If you want to preserve a project but mark it as inactive:
Include "COMPLETE" or "ARCHIVED" in the project name
Change the project status to Completed or Canceled
Simply stop working in the project and leave it in your project list
Best Practices
Naming Projects
Good names:
"Pawsitive - CRM Migration to Salesforce"
"Acme Corp - Q1 2025 Portal Enhancements"
"StateGov - Legacy System Modernization"
Poor names:
"Project 1"
"CRM" (which CRM? which client?)
"New Project" (not descriptive)
Tips:
Include the client name
Describe what's being built or migrated
Include timeframe if relevant (Q1, 2025, Phase 1)
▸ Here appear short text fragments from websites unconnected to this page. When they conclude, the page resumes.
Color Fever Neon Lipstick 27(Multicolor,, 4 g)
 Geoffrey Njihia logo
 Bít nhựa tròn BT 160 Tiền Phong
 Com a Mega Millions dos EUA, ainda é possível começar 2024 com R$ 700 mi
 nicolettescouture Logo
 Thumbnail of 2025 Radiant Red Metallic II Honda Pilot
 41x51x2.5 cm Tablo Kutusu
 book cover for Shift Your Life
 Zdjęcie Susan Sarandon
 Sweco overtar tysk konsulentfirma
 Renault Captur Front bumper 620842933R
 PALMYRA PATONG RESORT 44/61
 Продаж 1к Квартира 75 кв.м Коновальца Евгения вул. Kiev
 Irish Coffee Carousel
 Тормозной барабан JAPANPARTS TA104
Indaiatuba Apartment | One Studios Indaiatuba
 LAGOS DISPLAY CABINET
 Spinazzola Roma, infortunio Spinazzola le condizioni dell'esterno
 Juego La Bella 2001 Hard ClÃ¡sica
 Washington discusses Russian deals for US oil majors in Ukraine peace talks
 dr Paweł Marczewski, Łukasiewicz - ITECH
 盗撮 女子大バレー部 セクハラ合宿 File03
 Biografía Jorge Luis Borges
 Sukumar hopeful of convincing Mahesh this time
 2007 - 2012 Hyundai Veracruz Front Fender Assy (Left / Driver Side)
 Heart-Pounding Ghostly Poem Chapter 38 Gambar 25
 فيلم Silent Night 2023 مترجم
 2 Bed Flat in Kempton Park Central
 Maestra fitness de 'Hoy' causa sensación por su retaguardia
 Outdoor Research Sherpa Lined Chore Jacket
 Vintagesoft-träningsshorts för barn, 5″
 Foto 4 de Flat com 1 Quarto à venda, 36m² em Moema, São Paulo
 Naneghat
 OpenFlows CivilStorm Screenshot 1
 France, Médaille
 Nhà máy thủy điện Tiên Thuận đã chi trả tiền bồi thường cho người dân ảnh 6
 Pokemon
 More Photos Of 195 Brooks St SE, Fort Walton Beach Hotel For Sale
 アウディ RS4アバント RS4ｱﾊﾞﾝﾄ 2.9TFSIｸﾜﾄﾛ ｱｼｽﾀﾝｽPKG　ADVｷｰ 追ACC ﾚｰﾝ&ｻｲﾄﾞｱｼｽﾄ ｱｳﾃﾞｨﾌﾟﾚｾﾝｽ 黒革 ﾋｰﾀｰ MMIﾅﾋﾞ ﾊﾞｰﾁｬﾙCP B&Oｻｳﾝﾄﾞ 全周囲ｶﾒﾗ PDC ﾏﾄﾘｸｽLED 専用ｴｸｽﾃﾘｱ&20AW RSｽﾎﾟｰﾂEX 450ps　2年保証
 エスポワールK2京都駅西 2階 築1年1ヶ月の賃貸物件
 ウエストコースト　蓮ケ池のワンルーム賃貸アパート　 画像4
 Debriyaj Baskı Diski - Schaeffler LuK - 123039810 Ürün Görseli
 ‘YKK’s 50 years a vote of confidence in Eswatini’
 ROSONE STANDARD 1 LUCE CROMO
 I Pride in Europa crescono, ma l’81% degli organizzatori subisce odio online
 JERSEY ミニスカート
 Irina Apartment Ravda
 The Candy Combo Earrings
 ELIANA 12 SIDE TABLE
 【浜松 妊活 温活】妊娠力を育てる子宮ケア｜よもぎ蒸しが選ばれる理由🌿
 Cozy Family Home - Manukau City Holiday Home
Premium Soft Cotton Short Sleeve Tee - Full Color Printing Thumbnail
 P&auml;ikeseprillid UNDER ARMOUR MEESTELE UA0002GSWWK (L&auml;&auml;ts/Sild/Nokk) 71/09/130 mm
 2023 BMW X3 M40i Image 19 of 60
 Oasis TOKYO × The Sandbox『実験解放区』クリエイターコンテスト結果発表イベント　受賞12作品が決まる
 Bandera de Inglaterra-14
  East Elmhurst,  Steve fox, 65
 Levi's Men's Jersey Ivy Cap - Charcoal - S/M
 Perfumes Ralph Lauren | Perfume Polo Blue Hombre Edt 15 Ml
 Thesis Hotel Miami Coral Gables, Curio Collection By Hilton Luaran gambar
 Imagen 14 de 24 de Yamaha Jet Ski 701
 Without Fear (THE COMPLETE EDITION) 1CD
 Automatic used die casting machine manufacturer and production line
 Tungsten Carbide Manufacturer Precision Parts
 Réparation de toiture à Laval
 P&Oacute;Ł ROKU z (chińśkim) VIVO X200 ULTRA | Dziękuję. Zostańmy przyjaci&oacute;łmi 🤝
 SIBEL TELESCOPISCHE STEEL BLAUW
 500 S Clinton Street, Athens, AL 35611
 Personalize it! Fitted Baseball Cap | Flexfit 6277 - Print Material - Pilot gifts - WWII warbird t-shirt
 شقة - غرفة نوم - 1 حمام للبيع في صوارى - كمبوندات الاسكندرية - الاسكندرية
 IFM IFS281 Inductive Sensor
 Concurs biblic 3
Choosing Requirement Detail Level
Use Broad Strokes when:
You're in early sales conversations
Stakeholders are discussing concepts, not specifics
You need directional requirements for estimation
The project scope is still being defined
Use Balanced when:
You're in active discovery with committed stakeholders
You need testable, specific requirements
Development is planned in the next 1-2 months
This is a standard implementation project
Use Granular when:
You're defining detailed technical specifications
You're getting into implementation nuances
Development teams need atomic, independent requirements
You're working on complex integrations or migrations
Tip: Most projects use Balanced. Start there unless you have a specific reason to use Broad Strokes or Granular.
Project Stage Usage
Update your project stage as work progresses:
Move from Discovery → Design when requirements are complete
Move to Build when development starts
Move to Test when ready for QA
Move to Deploy for go-live activities
Move to Support after launch
This helps teams understand project status at a glance.
Troubleshooting
"Client is required" error
You must select or create a client before creating the project.
Solution:
Choose an existing client from the dropdown, OR
Click "Create New Client" and fill in client details
"System is required" error
Every project needs at least one system (the target/new system).
Solution:
Enter the company and product name for the system
For enhancements, just add the target system
For migrations, add both source and target systems
I can't find my project after creating it
Check:
Projects tab in main navigation—all projects appear here
Verify the project name you used
Make sure you've refreshed the Projects list view
Solution: Projects cannot be hidden or archived, so if you created it, it should appear in the Projects list.
I set the wrong Requirement Level
You can change it:
Go to the project dashboard
Click More on the top right of the screen, then Edit Project
Change the Requirement Detail & Visibility level
Save changes
Important: The new level only applies to requirements created after the change. Existing requirements are not updated.